• **TASK ITEM**
Taking the listing below, restate word for word each line from the line with "May include: A" to the line with "Image 11 of", ends included, and stop there.

• **EXCERPTED RECORDS**
==========
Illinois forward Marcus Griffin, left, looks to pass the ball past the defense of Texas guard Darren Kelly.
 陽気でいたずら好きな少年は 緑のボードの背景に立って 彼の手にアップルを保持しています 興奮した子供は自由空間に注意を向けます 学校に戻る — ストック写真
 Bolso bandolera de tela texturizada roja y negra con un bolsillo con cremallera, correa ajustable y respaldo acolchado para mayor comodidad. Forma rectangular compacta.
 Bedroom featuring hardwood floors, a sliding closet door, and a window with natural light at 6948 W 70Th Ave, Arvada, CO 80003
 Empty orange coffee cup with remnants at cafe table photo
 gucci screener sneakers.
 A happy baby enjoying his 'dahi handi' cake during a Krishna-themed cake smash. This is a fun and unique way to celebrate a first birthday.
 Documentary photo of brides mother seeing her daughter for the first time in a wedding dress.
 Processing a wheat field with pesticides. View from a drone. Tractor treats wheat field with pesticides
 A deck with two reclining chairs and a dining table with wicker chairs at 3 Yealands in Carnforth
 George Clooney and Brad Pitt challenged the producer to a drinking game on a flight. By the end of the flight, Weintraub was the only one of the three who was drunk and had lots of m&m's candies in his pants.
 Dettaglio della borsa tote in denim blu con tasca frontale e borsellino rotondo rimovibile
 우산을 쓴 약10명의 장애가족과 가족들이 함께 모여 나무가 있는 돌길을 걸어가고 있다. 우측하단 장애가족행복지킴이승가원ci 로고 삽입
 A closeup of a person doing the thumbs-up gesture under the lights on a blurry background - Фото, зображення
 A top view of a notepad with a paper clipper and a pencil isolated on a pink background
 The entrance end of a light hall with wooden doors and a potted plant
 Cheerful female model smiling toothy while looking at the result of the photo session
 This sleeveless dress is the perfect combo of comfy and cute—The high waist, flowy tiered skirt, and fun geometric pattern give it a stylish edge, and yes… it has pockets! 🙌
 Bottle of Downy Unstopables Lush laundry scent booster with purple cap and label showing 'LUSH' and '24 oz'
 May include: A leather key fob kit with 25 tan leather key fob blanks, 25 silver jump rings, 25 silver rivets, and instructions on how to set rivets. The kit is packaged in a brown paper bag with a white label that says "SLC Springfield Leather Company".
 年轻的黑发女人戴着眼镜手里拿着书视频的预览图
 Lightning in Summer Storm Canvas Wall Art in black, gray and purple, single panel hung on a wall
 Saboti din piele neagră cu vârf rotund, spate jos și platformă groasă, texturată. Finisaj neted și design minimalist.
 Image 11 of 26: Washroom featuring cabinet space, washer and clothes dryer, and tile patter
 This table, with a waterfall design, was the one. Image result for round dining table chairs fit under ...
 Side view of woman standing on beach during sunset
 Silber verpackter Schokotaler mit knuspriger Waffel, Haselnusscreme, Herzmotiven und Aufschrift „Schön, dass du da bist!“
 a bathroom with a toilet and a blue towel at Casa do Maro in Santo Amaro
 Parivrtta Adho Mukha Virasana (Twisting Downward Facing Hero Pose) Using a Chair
==========
• **WRITTEN ANSWER**
 May include: A leather key fob kit with 25 tan leather key fob blanks, 25 silver jump rings, 25 silver rivets, and instructions on how to set rivets. The kit is packaged in a brown paper bag with a white label that says "SLC Springfield Leather Company".
 年轻的黑发女人戴着眼镜手里拿着书视频的预览图
 Lightning in Summer Storm Canvas Wall Art in black, gray and purple, single panel hung on a wall
 Saboti din piele neagră cu vârf rotund, spate jos și platformă groasă, texturată. Finisaj neted și design minimalist.
 Image 11 of 26: Washroom featuring cabinet space, washer and clothes dryer, and tile patter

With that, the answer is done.